On the walls, he saw the shadows that had been people.
His unit stayed in Hiroshima, in the ruins and dust, for a few days. They did what they could. Ten years later, a quarter of the men who'd been there with him were dead. Eleven years later, so was he.
His widow went into labour just down the corridor from where he'd died. Hisako got tangled in her own cord, stuck and struggling, and had to be removed by Caesarean section; pulled from her mother's womb by the same surgeon who'd discovered the metastasising shadow of death in her father a season earlier.

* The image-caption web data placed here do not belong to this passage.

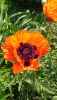 DSC_1175.thumb.JPG.8571aae9f384ab54ffa873fd66f1862c.JPG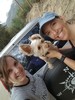 photo thumbnail #2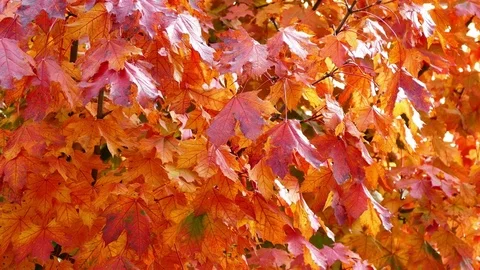 Twigs with red leafs, autumn time Stock Footage 80973700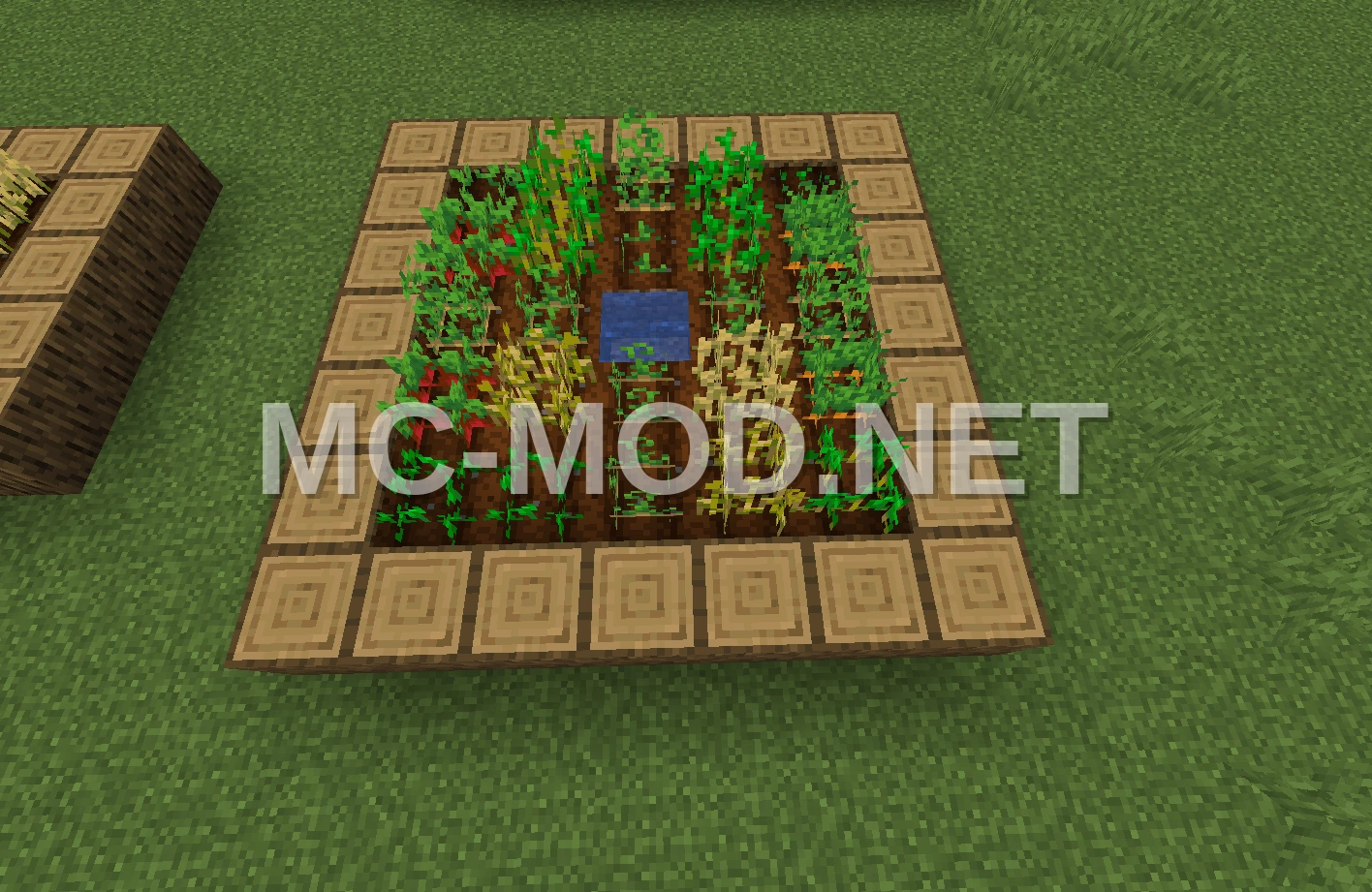 Simple 7×7 Field Structure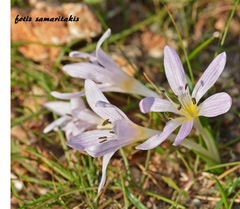 Colchicum cupanii
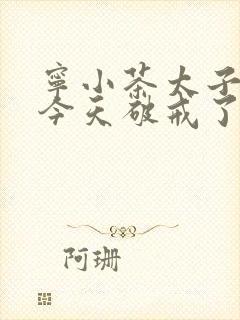 宁小茶太子殿下今天破戒了吗免费阅读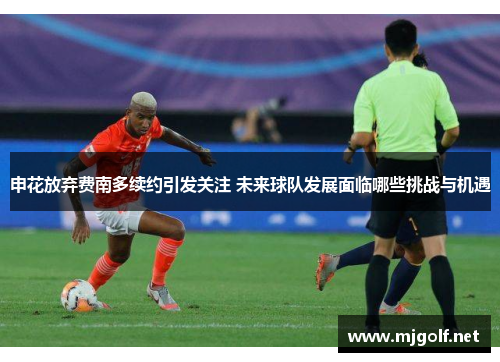 申花放弃费南多续约引发关注 未来球队发展面临哪些挑战与机遇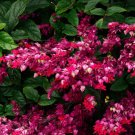 Java Red Bleeding Heart Small Rooted Starter Plant Clerodendrum Delectum Red Purple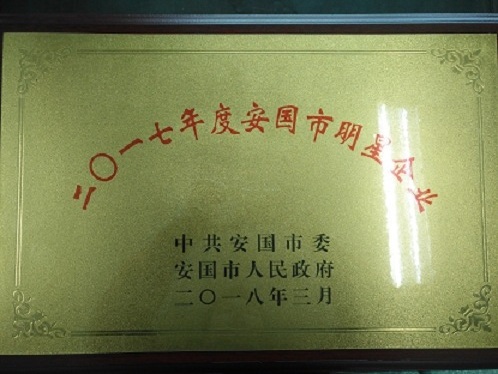 我公司被安國(guó)市委、市政府評(píng)為二〇一七年度明星企業(yè)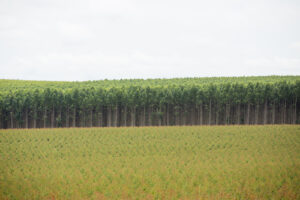 IHARA reforça presença no Show Florestal 2025 com tecnologias que impulsionam a produtividade nas plantações de eucalipto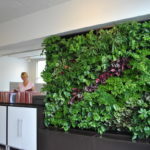 Wall hydroponics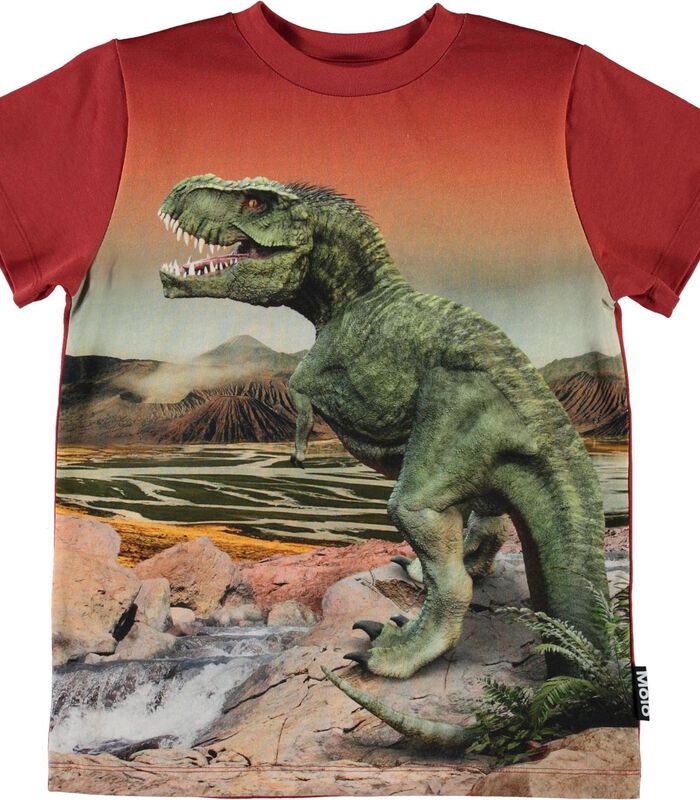 Road DinosaurT-shirt image number 0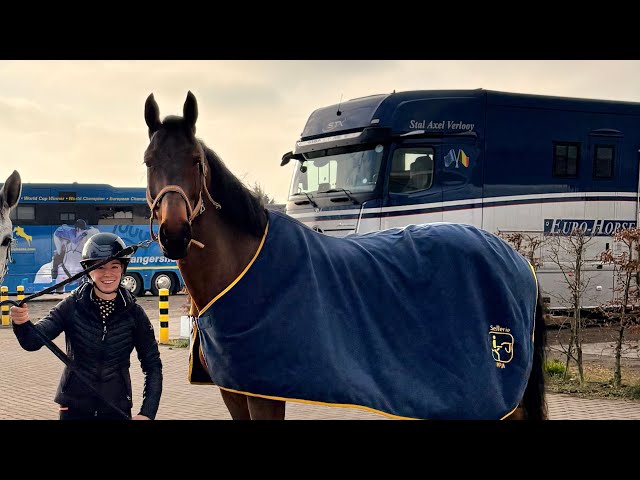 Jument 7 ans Tangelo van de zuuthoeve x Kannan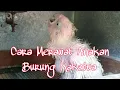 Download Lagu MERAWAT ANAKAN KAKATUA YANG BARU MELEK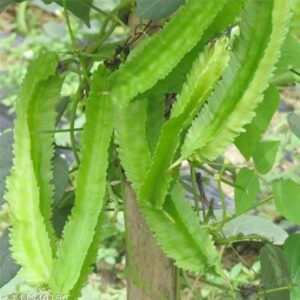 Tengnoumanbi / Winged Bean / Manila Bean / Goa Bean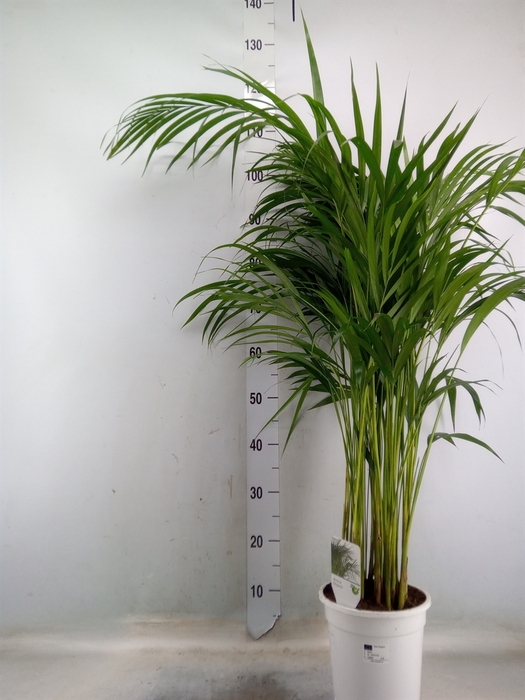 <h4>Dypsis lutescens   ...Chrysalidoca</h4>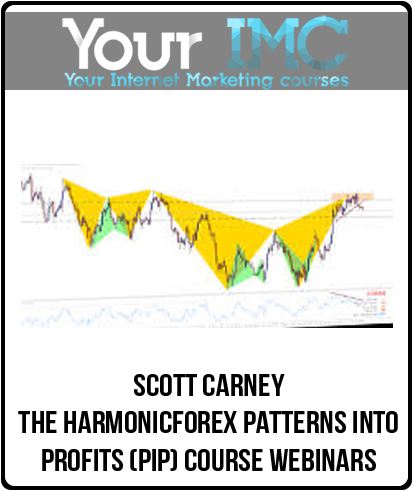 [Download Now] Scott Carney - The HarmonicForex Patterns into Profits (PIP) Course Webinars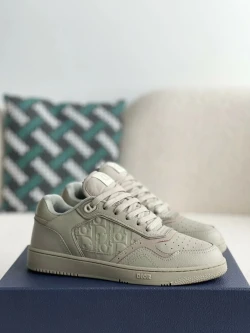 Dior B27 / Light Grey / Brown / Charcoal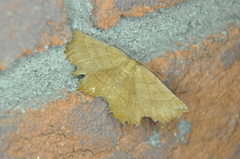 Euchlaena johnsonaria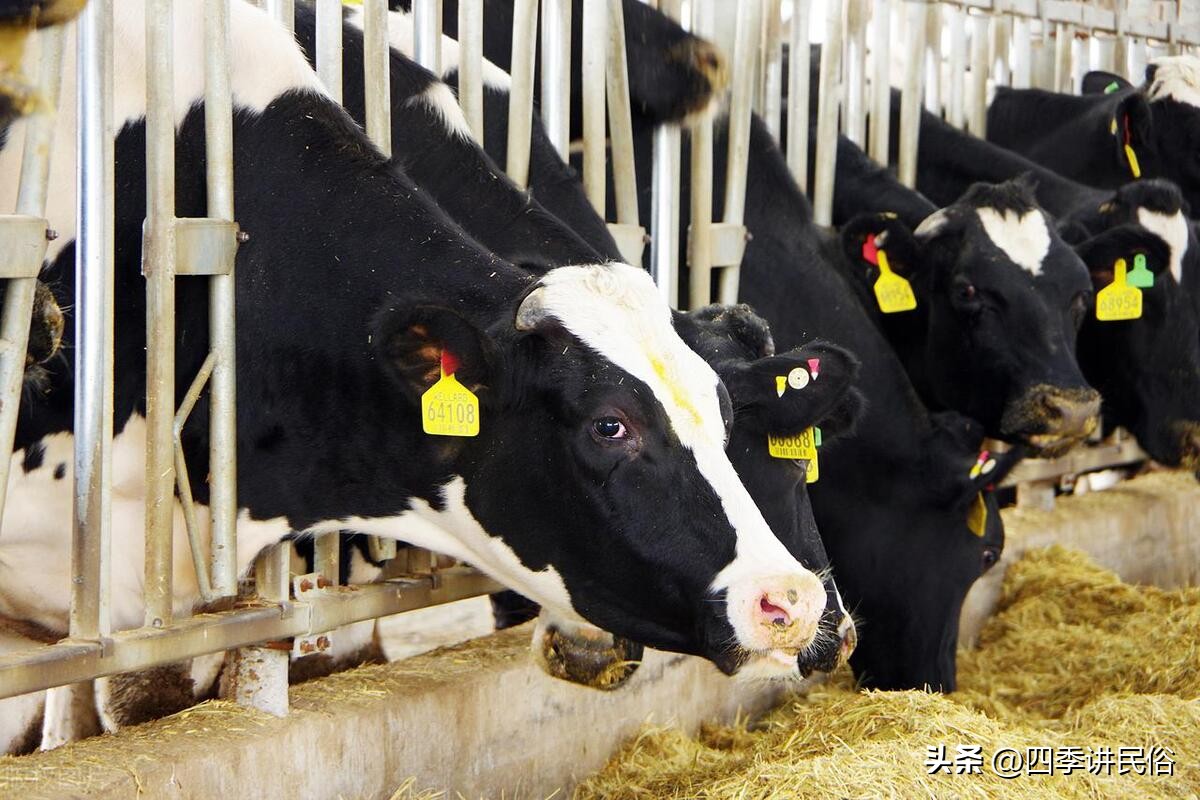 下半年农村最火爆的生意,农村有哪些不起眼的生意可以做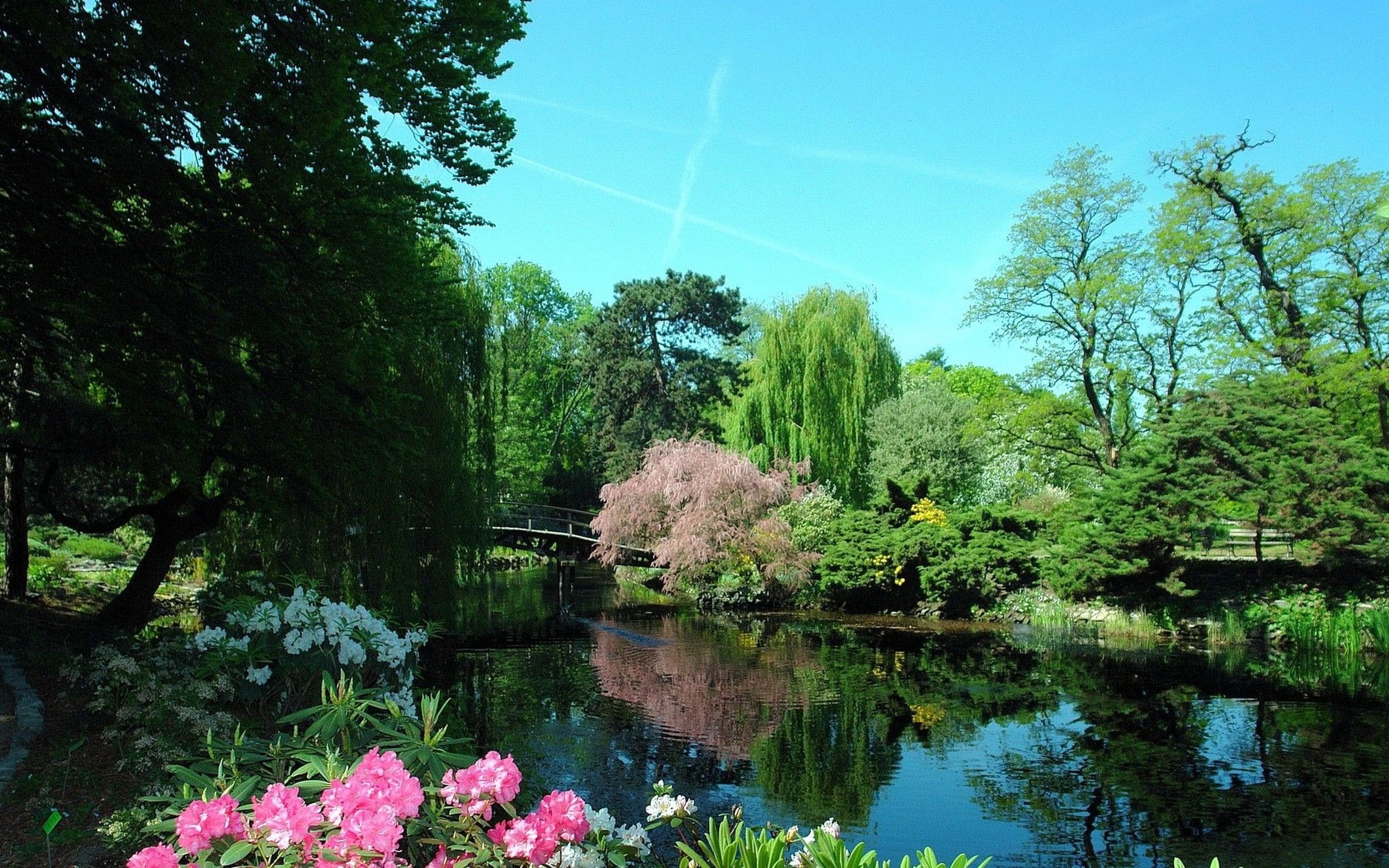 japanese garden ,  szczytnicki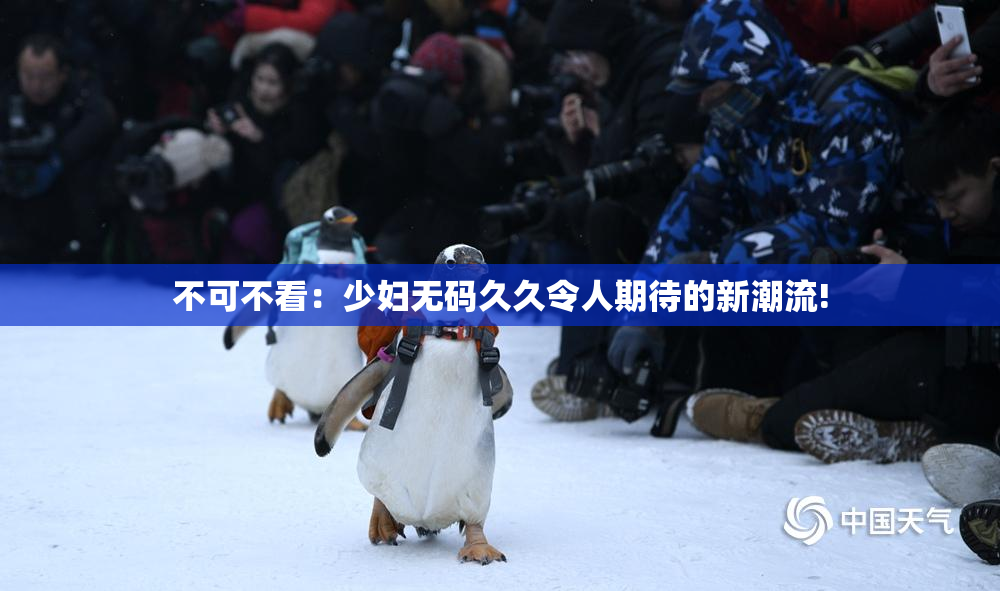 不可不看：少妇无码久久令人期待的新潮流!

Sanae was the first lover she'd ever told about it all. She told him the night she told him she would not marry him, and she cried as she told him, thinking about her father and the man she'd killed, and about something else she hadn't told Sanae about. He looked hurt and meek and pleading, like a beaten kid, like a whipped dog. She couldn't bear to look at him, so said what she had to say to the cup of coffee before her. They sat in a little kissaten in Roppongi, and he wanted to touch her, to hold her hand, to take her in his arms, but she wouldn't let him, couldn't risk him doing that and her dissolving, giving in. So she shrugged him off, took her hand away, shook her head. He sat, slumped and dejected on the stool, while she told him, but could not explain. It just didn't feel right. She wasn't ready. She'd hold him back. He mustn't distract himself from his career. She — here she had to swallow hard, fighting the tears again, biting her lip hard, squinting hot and angry into the brown dregs in the little white cup — she didn't want to have children.
It was the truth, but it was the hardest thing she could have said, just then.
Sanae left, eventually, in distress and despair, unable to understand. Her tears collected in the bottom of the coffee cup, turning the thick brown dregs watery again.